However, due to the characteristics of “big crisis data” , which includes high volume and velocity, there are many challenges in monitoring social media message streams. These messages have varied degrees of information and noise that may not be of potential value for the response, ranging from actionable requests or offers of help [4, 5] and unsubstantiated rumors  to gratitude and advertisement [7, 8]. Thus, finding the relevant social media updates is a critical concern for emergency management services.
Existing alert-based systems [9, 10] can provide a solution to generate an alert every time a relevant (sub-) event is detected through social media. However, given a highly dynamic situation, too many alerts can be triggered during a short time window. Thus, such alerts intended to help in social media monitoring would rather serve as distractions to the multitasking EOC personnel and hamper their work during a time-critical event [11, 12]. Information Retrieval literature provides different types of ranking systems , which could be employed to select the multiple relevant items for various emergency services. For instance, periodic top-k retrieval systems can be used for batch-based processing of social media, while continuous systems with push-based and pull-based processing can be used for summarizing trends and sending alerts [10, 9, 14]. In particular, push-based alert systems are relevant in the context of an emergency operation center (EOC). However, it is unclear if a “one-size-fits-all” solution of any alert system would be applicable, given the highly stressful work environment of emergency workers that leads to a limited budget of user attention/workload. Table I shows the trade-off and the design expectation for the relationship between the system and user workload metrics. An adaptive alert system with high recall and low required workload would be efficient and effective to minimize the waste of user efforts. Contributions. We formulate a novel problem of how to create an alert ranking system that is adaptive to the bounds on user performance, for deciding how many alerts to generate and when. We present a novel model of the human-machine interaction to quantify the relationship between the performance metrics of an alert ranking system (e.g., recall) and a user (e.g., workload). We also evaluate, using real-world crisis datasets, an alert ranking system that enforces a maximum user workload to avoid overwhelming users and adaptively select an appropriate set of ranked messages.

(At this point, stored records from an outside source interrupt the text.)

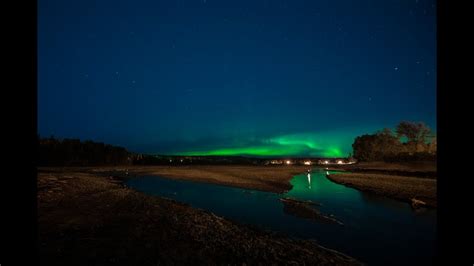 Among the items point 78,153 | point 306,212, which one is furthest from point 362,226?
point 78,153

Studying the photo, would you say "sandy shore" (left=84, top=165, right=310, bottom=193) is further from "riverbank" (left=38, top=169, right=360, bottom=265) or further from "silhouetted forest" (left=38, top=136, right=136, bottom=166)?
"silhouetted forest" (left=38, top=136, right=136, bottom=166)

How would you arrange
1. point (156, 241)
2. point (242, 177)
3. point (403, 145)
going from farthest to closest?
1. point (403, 145)
2. point (242, 177)
3. point (156, 241)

The rest of this paper first describes related work in Section II. Section III presents our approach to model the ranking-workload relationship, and an optimization method for selecting a ranking policy. Finally, in Section IV we demonstrate the applicability of this model by analyzing datasets from 6 crises, before discussing the limitations in Section V and our conclusions in Section VI.
Ii Related Work
Literature on social media in emergency management is vast, for a survey, see [8, 3]. In this section we focus on works that are closely related to our problem of selecting which ranking system for emergency services is appropriate for operational efficiency.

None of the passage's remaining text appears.